# I think there is a new trend forming...



## shellbeme (Mar 1, 2011)

More and more manufacturers are stepping forward to tell us where their ingredients are sourced from  I think this is huge.

The Honest Kitchen has done this for a while. I really think I'm going to transition the boys to this full time. I announced to DH once we are done with the kibble we have on hand, I'm switching them to wet food-well THK is wet once you re hydrate it.
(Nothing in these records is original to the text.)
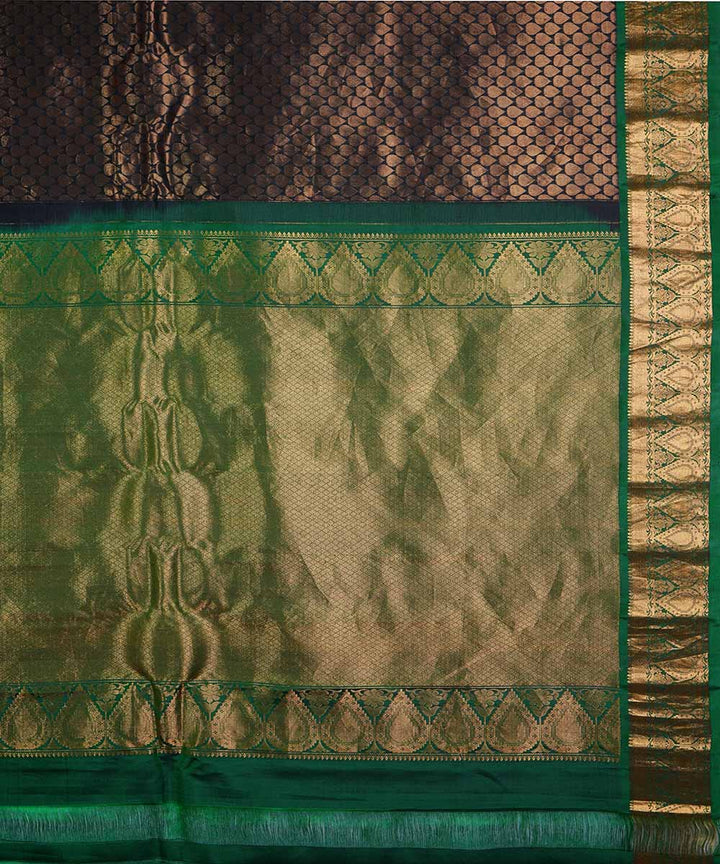 Brown handwoven gadwal silk saree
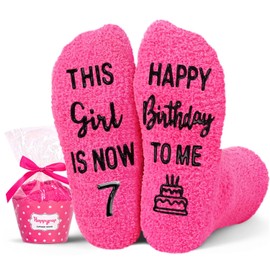 HAPPYPOP 7th Birthday Gifts - Socks for Kids Age 7, Presents for 7 Year Old Girls, Gift Ideas for Seven Year Old Girls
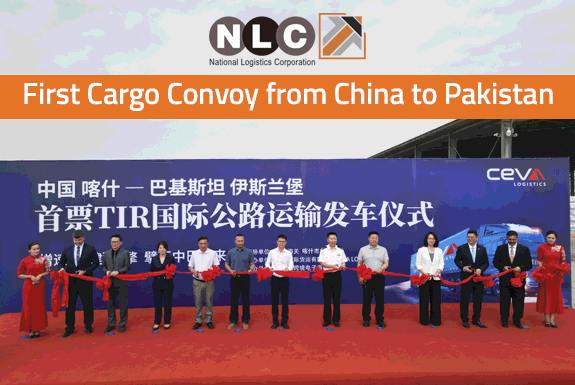 First convoy of cargo trucks on its way from China to Pakistan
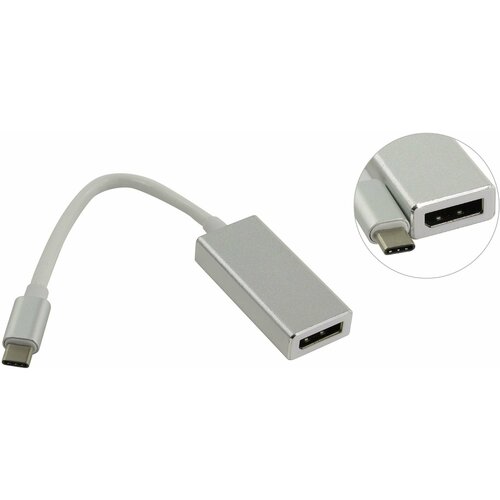 Кабель-адаптер B&P USB-C -> DisplayPort (F) 0,2м серебристый переходник для macbook usb type c to usb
In my opinion it is better than any wet food out there and slightly less expensive than most premium wet foods anyway.

All Natural Dog Food | Dehydrated Raw Dog Food | Like Homemade Pet Food

Info about their ingredients: 
All Natural Pet Food Ingredients | Human Grade Dog Food | The Honest Kitchen

And now, Natura pet products, which I have never taken much notice of, is starting to do the same  

Where Do Our Ingredients Come From? - See Beyond the Bag

I like this, I hope it continues.


----------



## maltese manica (Nov 6, 2012)

My three really hate the honest kitchen.............but they tried the sojo's and actually ate it!!!! plus I got some samples of the fromm kibble and they ate that as well. What are your thoughts on Sojo's ?


----------



## shellbeme (Mar 1, 2011)

I like sojos, it does not impress me as much as the honest kitchen but I still think it's a good food. Another one I hear great things about is grandma lucy's. My boys enjoy the cookies they make, and yes, I have eaten one  they are great! Tasted like a regular cookie to me, it was the pumpkin and honey I believe? I'm too lazy to get up and look at the bag.


----------



## maltese manica (Nov 6, 2012)

I got samples of grandma lucy's but havent tried it out yet. What puzzles me is why they like the sojo's but not the honest kitchen???????


----------



## shellbeme (Mar 1, 2011)

maltese manica said:


> I got samples of grandma lucy's but havent tried it out yet. What puzzles me is why they like the sojo's but not the honest kitchen???????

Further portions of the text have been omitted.